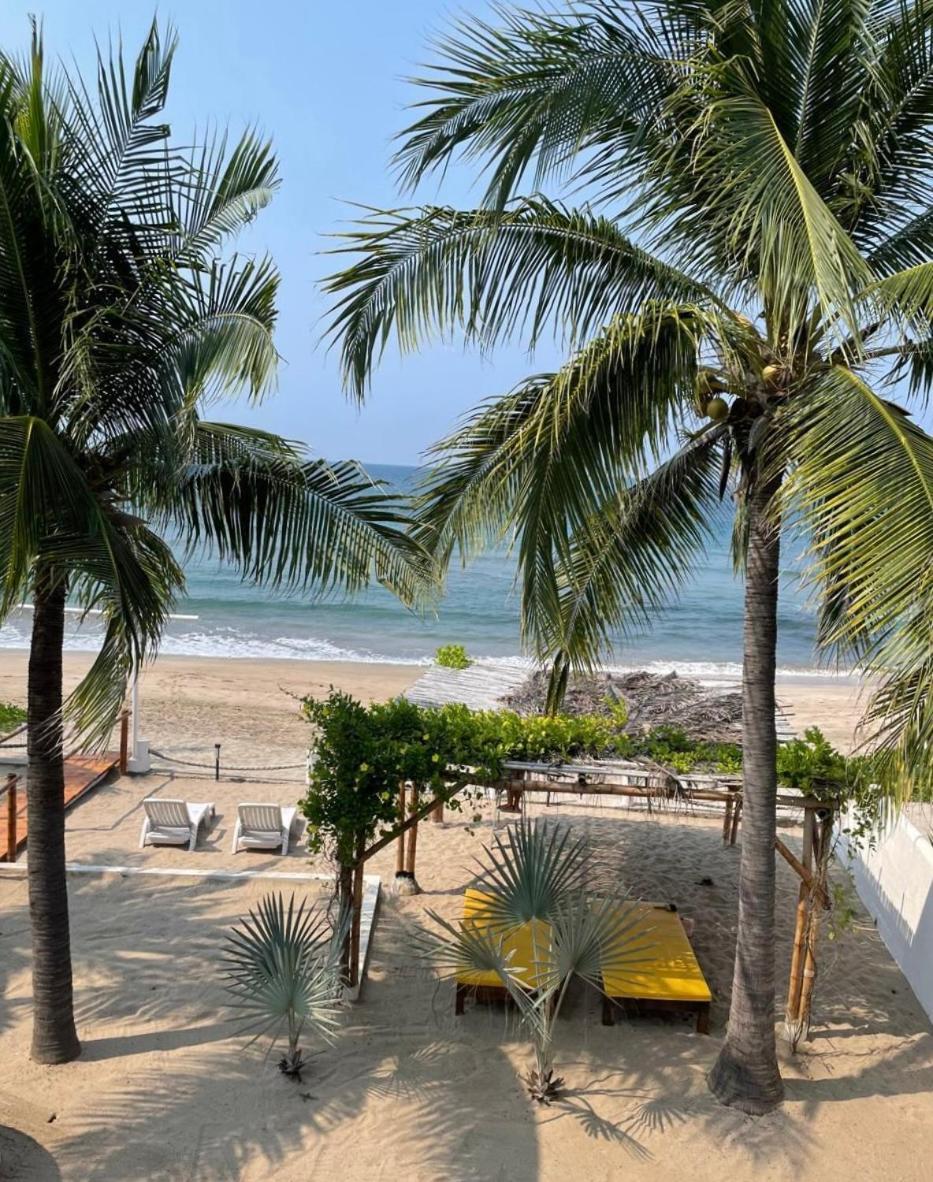 Bed and Breakfast Casa Faro Troncones Esterno foto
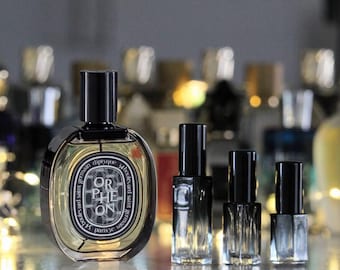 Orpheon (EDP) - Diptyque : Authentic Perfume Decant / Travel Spray Sample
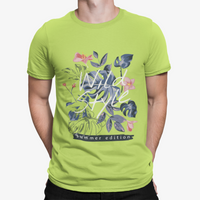 Thumbnail for Camiseta Wild Summer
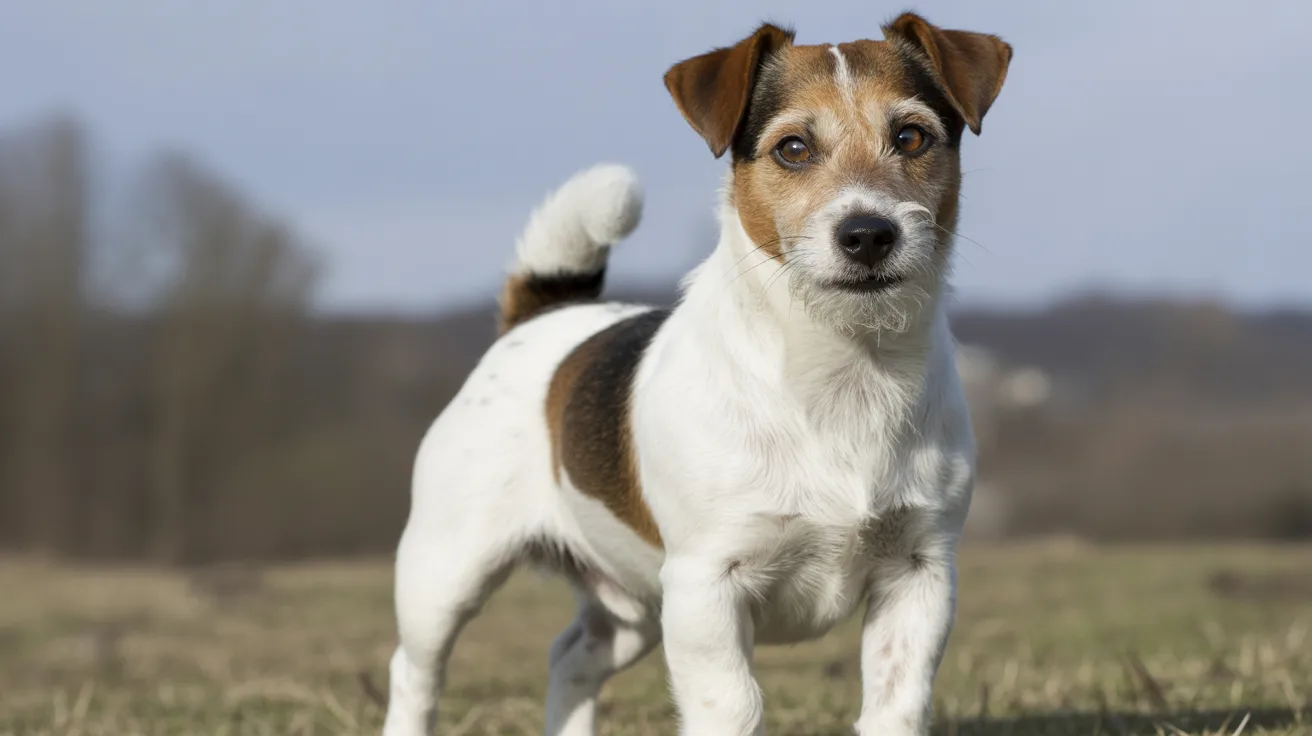 Jack Russell Dog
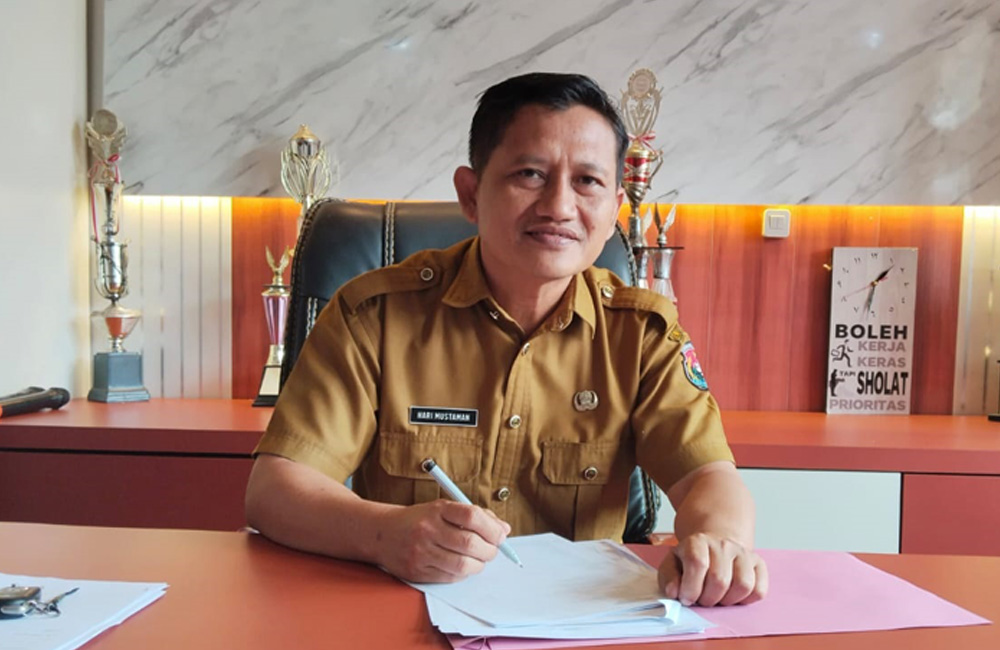 Gandeng Balai Karantina, Mukomuko Antisipasi Ancaman OTP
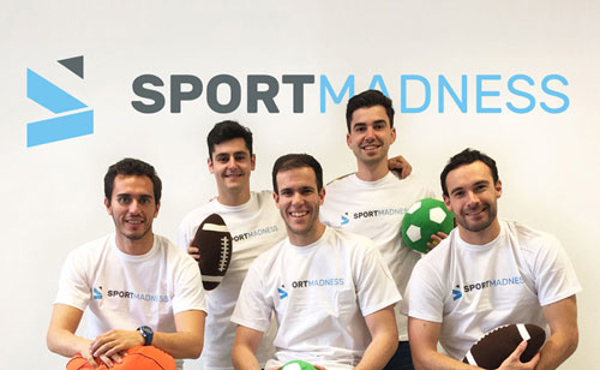 Nace Sportmadness, la primera franquicia de gestión deportiva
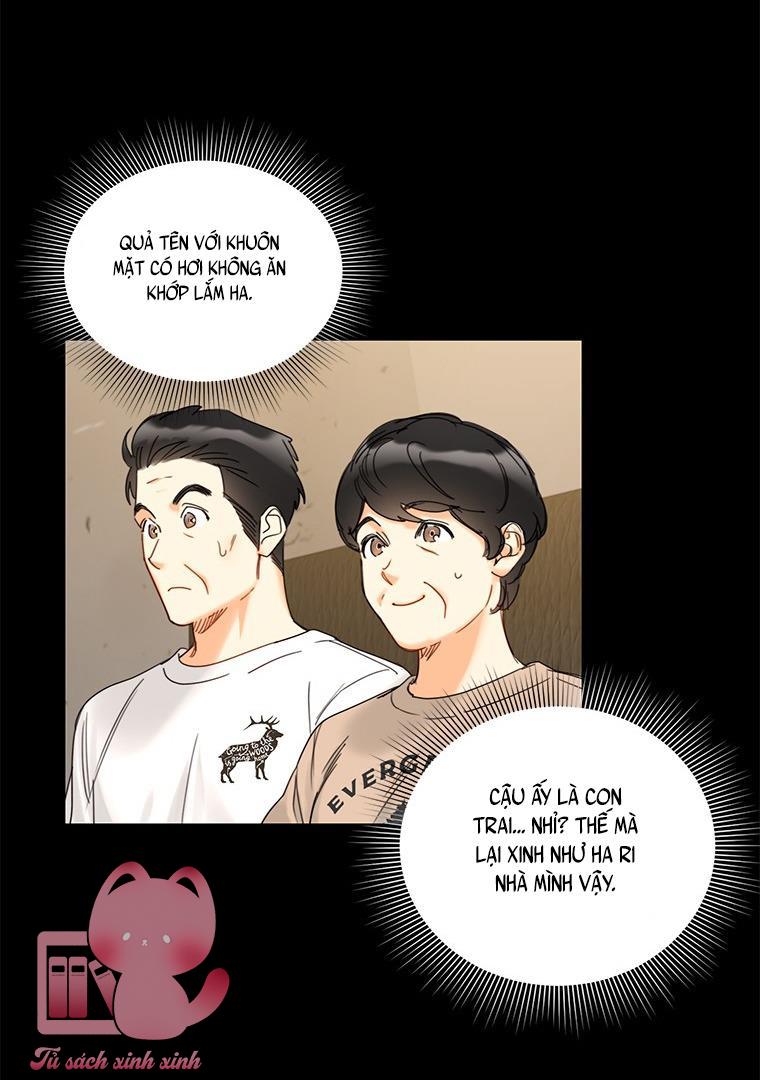 Hẹn Hò Chốn Công Sở - Chap 110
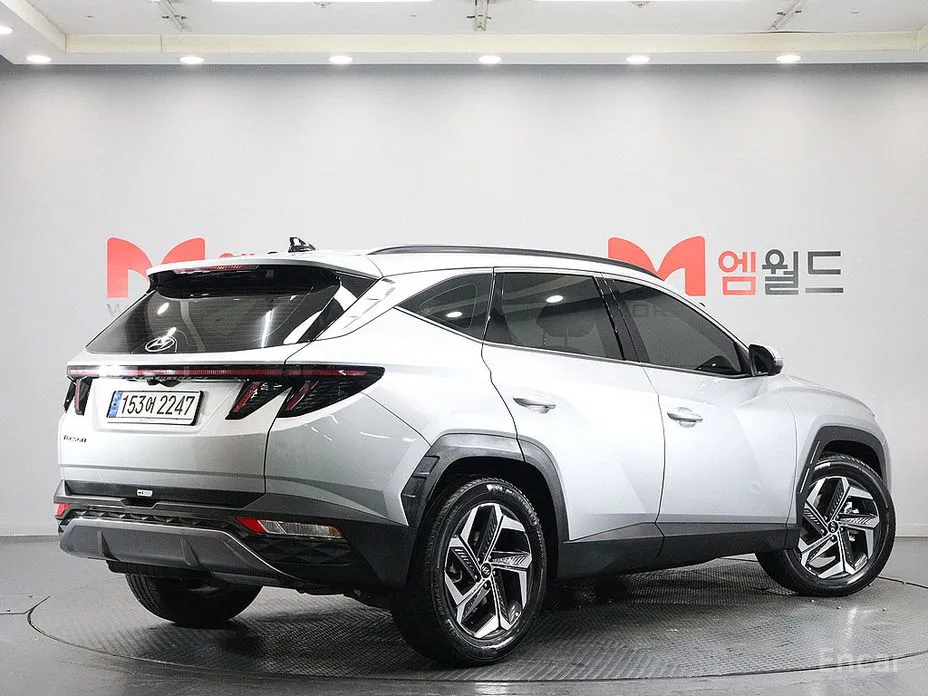 Zdjęcie 4 - Hyundai Tucson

**Work item:** Restate the material word for word, minus pictures.

**Finished task:**
 Bed and Breakfast Casa Faro Troncones Esterno foto
 Orpheon (EDP) - Diptyque : Authentic Perfume Decant / Travel Spray Sample
 Thumbnail for Camiseta Wild Summer
 Jack Russell Dog
 Gandeng Balai Karantina, Mukomuko Antisipasi Ancaman OTP
 Nace Sportmadness, la primera franquicia de gestión deportiva
 Hẹn Hò Chốn Công Sở - Chap 110
 Zdjęcie 4 - Hyundai Tucson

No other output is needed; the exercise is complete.